I've also had this level of massage done prior to my surgeries to have both conscious and subconscious on the same healing wave length.
I also do a gentle yoga. The AMC has a free video you can use.
Music works .. there are a lot of CD's that have soothing sounds. I like one called Fairy Rings by Mike Rowland, Perfume Steve Rhoads. Treat yourself to a musis store that lets you listen before you buy.
I have also decided to play another instrument and chose the violin because I can carry it wherever I go. My thoughts are just on the sounds, reading the music and getting lost in the moment. No room for fear, worry, doubt, unrest.

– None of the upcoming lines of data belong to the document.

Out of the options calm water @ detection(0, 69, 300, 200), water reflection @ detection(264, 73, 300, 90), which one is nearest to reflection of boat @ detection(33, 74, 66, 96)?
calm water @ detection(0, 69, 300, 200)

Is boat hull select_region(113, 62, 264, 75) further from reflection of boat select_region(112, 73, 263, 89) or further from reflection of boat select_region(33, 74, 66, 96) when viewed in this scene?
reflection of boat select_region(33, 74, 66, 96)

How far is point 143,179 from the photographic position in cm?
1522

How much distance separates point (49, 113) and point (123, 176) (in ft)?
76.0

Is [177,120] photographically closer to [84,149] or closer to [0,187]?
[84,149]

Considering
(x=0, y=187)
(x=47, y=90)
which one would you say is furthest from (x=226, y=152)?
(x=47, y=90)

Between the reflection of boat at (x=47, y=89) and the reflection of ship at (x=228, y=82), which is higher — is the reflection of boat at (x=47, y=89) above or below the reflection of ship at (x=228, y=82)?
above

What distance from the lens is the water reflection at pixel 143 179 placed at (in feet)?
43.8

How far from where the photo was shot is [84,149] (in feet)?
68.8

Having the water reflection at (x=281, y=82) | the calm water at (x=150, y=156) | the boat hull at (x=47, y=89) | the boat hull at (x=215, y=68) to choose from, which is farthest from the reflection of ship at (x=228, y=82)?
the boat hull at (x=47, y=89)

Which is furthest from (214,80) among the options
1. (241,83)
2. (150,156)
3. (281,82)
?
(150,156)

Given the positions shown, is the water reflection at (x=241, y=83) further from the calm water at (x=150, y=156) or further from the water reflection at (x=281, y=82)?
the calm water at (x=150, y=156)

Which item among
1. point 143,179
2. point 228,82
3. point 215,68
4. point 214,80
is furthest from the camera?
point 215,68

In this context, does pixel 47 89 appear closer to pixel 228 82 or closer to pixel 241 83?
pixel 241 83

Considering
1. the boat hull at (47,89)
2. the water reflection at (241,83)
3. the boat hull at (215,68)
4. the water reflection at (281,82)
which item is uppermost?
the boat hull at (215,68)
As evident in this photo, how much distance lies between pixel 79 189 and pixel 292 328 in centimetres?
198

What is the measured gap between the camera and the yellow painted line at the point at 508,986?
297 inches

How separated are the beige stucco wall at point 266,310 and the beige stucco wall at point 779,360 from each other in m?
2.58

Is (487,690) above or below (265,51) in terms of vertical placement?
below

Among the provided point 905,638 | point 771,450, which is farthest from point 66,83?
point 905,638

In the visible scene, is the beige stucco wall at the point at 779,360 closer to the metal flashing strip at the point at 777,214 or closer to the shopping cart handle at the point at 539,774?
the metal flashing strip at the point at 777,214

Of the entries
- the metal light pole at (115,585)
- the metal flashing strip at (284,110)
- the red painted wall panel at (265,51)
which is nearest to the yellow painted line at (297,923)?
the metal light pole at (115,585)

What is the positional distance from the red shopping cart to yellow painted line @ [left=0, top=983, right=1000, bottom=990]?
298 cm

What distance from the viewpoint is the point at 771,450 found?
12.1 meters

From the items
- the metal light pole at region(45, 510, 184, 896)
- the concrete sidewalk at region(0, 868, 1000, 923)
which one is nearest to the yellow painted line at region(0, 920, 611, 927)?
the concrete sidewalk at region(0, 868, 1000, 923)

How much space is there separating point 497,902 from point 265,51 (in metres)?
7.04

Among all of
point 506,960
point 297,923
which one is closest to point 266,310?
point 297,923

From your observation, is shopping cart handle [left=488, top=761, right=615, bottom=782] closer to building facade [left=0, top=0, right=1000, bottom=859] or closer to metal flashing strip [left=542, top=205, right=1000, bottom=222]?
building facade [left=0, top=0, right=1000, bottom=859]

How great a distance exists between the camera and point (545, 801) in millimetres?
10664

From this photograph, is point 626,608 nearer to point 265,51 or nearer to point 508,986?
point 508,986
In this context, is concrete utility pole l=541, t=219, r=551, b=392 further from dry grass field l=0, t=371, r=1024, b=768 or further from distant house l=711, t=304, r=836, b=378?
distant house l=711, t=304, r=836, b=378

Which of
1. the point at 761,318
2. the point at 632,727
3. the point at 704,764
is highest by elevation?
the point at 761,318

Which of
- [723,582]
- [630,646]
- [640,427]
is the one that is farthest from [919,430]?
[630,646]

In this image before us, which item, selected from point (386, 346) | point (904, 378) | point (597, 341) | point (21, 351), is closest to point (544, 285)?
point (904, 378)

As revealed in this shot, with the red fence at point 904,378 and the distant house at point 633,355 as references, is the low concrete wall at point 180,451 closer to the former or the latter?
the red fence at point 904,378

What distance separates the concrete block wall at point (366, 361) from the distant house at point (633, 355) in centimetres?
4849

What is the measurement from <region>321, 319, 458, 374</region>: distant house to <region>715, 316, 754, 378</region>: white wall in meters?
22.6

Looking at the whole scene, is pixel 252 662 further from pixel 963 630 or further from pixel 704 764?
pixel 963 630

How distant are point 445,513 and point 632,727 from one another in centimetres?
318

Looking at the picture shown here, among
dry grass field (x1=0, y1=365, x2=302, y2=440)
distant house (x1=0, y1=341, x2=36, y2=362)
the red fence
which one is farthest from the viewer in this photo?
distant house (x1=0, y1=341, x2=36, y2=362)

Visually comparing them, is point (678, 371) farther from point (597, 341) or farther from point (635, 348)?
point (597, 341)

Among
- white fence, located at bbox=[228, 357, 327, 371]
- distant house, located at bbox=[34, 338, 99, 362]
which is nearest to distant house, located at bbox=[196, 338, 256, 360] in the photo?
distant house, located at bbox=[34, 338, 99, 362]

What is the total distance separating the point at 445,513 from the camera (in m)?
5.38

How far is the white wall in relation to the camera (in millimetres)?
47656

I have not needed anti-depressant drugs just what I've mentioned. When you mind and body has been through so much it tends to overload and the out-of-control feeling builds up to such a point that it plays out as anxiety attacks. Try doing some of the above and know this phase is very temporary. Lots of light, love, laughter, hugs and caring.
One of your new sisters,
Iris0 -
I have learned through my ordeal, that seemed to continue for the better part of the last 5 years, learing coping skills to live with all the changes. Coping comes in all shapes forms, finding, learning and using them is key in getting on with our lives. One must always be aware of the existing risks to our beings and learn to live with all that we are, not comparing ourselves to what we were. Menopause reaching out to us, sometimes at very young ages because of our treatments. Having to go through it twice, knowing what we are facing this all needs our attention and acceptance. I have said this before that life is has been for hard but it has all been worth it because the alternative is just one breath away. Living in the moment, being there in everything we do is all that we can do. I have learned to accept the tears that flow, sometimes without any reason, realizing that is all they are and simplifying my thoughts. I now know it is I that complicates my world, with every thought beyond the moment. Life is EVOLUTION at its finest. I have found myself and seen her like I have never before. I feel like I have reinvented her many times now, through many phases many experiences. If that is what it takes to get through then it has been worth it. Life is just HARD.